Na matéria constata-se que a maioria dos médicos brasileiros é a favor da criação da carreira de estado, 96%, em pesquisa realizada pelo Instituto Vox Populi, em fevereiro de 2014. O CFM sabe muito bem que o governo brasileiro tem sido incompetente para atrair e fixar médicos no serviço público, recorrendo a expedientes improvisados, como terceirizações, bolsas, consórcios, etc. Esses recursos caracterizam a precariedade dos contratos de trabalho, no processo chamado de “precarização”. Contratam-se médicos sem concurso público, sem plano de carreira, de forma atabalhoada, alegando sempre uma emergência que nunca é equacionada e sempre serve de argumento para a improvisação seguinte. O resultado é a reprodução da precarização . Faltam, em todos esses casos, o componente essencial de todas as soluções que partem do estado: a vontade política.

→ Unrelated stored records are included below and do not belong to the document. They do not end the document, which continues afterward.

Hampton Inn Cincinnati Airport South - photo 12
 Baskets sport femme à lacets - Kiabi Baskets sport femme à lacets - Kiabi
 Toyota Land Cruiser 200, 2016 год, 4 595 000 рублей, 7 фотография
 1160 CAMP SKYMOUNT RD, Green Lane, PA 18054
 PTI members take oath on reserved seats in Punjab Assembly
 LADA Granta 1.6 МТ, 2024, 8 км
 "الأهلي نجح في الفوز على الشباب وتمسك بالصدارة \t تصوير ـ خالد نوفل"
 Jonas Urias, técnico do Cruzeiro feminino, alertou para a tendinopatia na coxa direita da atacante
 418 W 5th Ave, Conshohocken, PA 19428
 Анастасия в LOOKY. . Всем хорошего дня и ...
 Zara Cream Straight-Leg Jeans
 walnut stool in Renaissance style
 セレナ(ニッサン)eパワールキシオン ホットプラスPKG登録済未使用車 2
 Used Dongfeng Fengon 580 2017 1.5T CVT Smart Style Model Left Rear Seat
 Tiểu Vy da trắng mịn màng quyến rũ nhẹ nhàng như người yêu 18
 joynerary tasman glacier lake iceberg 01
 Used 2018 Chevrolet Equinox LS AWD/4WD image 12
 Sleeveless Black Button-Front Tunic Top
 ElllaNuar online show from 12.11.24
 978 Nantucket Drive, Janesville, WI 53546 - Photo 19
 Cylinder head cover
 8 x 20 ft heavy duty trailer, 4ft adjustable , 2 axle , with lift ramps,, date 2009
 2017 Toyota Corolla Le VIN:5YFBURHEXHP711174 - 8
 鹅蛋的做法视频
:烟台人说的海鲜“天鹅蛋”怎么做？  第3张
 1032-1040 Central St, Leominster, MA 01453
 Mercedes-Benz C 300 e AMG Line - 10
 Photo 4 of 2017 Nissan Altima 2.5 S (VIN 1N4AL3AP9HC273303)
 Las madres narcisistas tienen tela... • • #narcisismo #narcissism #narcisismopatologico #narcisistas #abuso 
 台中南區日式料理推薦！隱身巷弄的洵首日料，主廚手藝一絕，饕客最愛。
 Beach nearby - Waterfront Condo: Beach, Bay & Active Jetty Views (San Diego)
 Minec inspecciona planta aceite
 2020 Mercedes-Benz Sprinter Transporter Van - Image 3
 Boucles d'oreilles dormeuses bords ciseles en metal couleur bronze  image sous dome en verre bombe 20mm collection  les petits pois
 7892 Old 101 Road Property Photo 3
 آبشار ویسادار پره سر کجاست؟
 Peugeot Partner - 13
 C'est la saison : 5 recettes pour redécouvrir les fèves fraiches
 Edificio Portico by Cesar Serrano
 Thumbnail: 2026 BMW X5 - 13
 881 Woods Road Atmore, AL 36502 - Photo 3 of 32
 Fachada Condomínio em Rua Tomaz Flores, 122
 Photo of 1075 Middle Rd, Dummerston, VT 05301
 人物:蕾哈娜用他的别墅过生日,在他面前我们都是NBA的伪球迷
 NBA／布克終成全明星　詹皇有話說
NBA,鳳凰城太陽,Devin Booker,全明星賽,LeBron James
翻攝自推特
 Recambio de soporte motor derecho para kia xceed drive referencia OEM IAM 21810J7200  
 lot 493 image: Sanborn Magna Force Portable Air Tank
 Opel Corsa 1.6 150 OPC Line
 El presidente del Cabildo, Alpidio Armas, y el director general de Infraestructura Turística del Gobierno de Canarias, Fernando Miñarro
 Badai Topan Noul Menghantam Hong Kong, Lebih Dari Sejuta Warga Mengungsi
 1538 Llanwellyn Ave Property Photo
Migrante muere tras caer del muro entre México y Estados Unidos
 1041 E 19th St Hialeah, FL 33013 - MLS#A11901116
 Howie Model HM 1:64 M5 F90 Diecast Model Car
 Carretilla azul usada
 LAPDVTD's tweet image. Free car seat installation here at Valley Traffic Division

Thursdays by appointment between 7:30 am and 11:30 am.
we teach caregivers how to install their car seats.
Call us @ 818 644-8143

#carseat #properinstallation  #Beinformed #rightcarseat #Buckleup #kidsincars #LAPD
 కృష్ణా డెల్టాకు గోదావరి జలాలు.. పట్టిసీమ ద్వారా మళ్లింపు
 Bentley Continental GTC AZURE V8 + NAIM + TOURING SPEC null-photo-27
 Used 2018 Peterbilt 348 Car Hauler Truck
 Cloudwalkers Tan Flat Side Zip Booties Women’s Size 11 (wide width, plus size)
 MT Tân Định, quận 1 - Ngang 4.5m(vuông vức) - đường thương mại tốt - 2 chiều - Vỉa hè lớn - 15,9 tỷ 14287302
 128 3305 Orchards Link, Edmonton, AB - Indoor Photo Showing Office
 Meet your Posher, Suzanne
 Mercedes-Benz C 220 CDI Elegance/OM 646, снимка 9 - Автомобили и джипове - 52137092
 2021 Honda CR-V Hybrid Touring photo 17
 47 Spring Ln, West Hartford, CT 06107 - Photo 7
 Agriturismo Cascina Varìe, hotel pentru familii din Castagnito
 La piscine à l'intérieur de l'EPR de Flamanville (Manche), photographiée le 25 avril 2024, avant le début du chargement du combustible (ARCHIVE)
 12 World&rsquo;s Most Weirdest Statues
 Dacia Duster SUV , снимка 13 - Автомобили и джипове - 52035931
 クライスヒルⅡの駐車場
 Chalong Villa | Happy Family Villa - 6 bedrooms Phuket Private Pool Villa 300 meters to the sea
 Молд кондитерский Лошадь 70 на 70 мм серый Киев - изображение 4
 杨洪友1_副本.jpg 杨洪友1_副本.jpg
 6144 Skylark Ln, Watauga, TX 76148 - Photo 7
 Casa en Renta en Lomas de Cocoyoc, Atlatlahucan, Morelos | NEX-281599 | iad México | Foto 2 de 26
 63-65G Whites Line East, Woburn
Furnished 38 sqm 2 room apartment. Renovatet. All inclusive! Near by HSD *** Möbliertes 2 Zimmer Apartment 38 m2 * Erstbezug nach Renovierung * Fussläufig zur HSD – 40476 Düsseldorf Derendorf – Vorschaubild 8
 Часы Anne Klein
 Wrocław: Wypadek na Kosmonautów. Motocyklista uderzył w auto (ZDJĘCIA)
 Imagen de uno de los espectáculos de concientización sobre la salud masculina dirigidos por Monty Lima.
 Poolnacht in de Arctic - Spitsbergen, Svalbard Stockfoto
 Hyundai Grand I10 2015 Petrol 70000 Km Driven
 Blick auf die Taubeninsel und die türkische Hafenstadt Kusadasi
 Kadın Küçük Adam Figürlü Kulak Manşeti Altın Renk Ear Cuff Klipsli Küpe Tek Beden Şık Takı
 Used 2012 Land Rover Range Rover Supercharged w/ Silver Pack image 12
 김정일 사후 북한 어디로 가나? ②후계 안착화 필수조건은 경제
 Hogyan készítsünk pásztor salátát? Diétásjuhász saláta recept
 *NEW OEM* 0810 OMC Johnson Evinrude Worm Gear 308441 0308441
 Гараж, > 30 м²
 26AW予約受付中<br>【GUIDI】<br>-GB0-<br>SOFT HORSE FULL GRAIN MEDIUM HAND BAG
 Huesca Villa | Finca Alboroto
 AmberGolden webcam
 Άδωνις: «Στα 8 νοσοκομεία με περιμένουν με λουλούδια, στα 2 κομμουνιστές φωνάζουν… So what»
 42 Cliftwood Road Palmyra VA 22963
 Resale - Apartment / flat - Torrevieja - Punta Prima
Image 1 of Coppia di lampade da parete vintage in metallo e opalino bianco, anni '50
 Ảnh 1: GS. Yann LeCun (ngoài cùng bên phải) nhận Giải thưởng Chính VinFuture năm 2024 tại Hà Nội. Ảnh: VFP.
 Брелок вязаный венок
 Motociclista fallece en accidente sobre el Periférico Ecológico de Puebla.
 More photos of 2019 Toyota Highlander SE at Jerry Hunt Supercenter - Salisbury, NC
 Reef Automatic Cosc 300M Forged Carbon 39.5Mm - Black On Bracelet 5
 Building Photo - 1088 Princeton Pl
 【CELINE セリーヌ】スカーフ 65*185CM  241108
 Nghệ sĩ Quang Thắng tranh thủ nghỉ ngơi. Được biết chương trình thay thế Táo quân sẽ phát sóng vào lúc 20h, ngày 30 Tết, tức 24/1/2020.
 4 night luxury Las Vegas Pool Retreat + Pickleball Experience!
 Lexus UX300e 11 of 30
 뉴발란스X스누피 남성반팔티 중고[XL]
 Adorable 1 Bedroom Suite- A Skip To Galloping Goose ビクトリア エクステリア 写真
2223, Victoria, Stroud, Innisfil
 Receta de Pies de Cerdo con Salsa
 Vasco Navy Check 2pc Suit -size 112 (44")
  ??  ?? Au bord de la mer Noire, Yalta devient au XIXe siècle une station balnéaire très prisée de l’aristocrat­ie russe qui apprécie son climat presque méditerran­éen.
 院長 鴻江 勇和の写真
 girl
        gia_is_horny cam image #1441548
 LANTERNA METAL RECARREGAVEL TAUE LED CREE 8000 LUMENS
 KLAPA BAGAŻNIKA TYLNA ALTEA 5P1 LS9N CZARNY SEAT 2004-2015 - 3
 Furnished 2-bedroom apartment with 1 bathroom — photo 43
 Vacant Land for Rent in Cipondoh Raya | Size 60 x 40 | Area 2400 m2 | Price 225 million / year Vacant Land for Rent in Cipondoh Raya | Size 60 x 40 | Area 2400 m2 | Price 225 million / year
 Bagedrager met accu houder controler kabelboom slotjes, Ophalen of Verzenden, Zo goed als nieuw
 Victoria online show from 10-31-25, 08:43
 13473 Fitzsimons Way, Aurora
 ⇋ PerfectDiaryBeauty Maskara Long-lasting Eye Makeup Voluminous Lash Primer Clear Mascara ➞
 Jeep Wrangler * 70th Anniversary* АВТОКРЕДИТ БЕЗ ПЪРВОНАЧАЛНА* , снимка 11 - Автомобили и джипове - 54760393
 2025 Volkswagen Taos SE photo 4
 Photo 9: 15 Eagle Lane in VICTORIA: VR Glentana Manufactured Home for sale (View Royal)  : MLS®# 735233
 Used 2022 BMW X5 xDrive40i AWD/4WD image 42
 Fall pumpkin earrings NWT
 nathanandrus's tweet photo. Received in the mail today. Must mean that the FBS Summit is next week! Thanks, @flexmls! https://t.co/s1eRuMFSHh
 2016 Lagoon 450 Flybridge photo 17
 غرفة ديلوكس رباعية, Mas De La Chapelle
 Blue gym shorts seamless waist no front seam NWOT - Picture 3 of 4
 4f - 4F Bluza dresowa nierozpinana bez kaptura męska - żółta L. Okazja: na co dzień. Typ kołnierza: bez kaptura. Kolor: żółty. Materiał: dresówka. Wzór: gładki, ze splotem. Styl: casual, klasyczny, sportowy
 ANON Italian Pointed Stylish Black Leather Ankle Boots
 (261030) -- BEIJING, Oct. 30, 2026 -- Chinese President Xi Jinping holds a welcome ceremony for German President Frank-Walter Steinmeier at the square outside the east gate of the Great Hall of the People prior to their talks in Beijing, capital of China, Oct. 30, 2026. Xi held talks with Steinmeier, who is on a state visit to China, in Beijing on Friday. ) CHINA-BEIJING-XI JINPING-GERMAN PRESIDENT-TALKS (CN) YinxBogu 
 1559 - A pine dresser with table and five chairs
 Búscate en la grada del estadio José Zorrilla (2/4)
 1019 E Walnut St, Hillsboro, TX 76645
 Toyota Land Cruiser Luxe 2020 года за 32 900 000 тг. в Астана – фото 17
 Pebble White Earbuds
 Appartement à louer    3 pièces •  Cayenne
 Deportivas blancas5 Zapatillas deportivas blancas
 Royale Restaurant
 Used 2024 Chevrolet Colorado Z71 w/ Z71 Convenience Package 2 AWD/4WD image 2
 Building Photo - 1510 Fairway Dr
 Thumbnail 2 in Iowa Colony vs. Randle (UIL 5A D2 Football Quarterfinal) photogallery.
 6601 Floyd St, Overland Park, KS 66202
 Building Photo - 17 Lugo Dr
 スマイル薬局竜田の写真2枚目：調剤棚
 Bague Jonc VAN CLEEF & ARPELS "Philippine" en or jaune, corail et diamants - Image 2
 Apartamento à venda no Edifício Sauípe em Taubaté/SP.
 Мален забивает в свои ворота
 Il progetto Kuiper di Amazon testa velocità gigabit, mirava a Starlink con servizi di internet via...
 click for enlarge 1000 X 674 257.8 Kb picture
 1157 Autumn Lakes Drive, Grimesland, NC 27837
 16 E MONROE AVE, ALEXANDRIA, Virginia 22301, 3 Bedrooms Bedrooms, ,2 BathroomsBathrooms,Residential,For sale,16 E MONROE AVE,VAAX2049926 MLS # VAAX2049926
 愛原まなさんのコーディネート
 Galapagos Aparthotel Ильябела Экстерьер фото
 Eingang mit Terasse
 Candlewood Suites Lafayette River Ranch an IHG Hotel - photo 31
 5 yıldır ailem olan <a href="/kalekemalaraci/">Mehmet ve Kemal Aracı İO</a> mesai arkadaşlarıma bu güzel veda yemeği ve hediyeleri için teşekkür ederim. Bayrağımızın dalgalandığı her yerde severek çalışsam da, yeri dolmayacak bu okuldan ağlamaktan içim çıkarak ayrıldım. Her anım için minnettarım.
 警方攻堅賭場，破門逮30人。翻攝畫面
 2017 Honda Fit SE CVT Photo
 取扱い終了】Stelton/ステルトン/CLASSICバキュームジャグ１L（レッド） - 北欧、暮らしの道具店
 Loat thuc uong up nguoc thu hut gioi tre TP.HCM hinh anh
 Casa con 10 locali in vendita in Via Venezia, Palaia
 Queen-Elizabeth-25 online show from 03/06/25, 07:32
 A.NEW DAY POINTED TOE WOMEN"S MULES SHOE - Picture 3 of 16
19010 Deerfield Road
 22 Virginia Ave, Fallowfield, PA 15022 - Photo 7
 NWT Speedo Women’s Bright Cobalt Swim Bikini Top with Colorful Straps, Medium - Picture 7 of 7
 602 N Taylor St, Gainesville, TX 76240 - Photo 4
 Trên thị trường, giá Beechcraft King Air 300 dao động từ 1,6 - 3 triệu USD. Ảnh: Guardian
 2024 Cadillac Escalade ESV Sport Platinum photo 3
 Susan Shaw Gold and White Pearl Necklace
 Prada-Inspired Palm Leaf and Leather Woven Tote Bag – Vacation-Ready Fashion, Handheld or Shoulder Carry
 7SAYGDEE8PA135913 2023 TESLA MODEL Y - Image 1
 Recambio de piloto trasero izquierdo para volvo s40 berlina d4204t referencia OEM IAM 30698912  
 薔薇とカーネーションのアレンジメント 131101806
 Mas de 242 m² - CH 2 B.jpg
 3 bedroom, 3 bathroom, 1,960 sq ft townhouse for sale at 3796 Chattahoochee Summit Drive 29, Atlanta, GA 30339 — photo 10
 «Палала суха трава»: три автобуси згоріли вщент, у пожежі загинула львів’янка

A matéria citada se refere a três PECs (Proposta de Emenda Constitucional).
A primeira, pronta para ser incluída na pauta de votação do plenário da Câmara dos Deputados é a PEC 454, de autoria do então deputado e atual senador Ronaldo Caiado, médico ortopedista de Goiás, que faz parte da bancada do DEM. A segunda é a PEC34/2011, de autoria do então senador paraibano do PMDB, Vital do Rego. A terceira, de autoria do mesmo Vital do Rego, é a PEC 46/2013.
A PEC 454 cria uma carreira única de médicos, mantida pela União, mas que os profissionais poderão ser cedidos para atuar nas esferas estaduais e municipais. A remuneração seria fixada de acordo com um piso nacional definido em lei específica (como já acontece no caso dos professores) e a carreira valorizará tempo de serviço e os níveis de qualificação na área médica. A possibilidade de cessão dos integrantes dessa carreira para estados e municípios é algo que já existe no SUS, tendo sido praticada mais ativamente quando da implantação do SUS, com a “municipalização” de servidores públicos estaduais e do antigo INAMPS.
A PEC 34/2011 determinada a dedicação exclusiva do profissional médico da carreira de estado ao SUS, sem concessões, que o médico seja obrigado a residir no município ou na região metropolitana onde esteja lotado e participe de “cursos de preparação e aperfeiçoamento”, sendo essa participação obrigatória para o processo de promoção.
O mesmo autor da PEC anterior, apresentou também a PEC 46/2013, que altera o artigo 241 da Constituição Federal (1), instituindo o “consórcio público de direito privado” (sic) para atuação na atenção básica do SUS. Nesse caso os médicos que exercem atividade fim no serviço público de saúde, na atenção básica, seriam dispensados de prestar concurso público, nem servidores públicos seriam, mas empregados contratados pela CLT pelos tais consórcios. Atuariam em qualquer “órgão ou entidade” de “quaisquer entes federados consorciados”.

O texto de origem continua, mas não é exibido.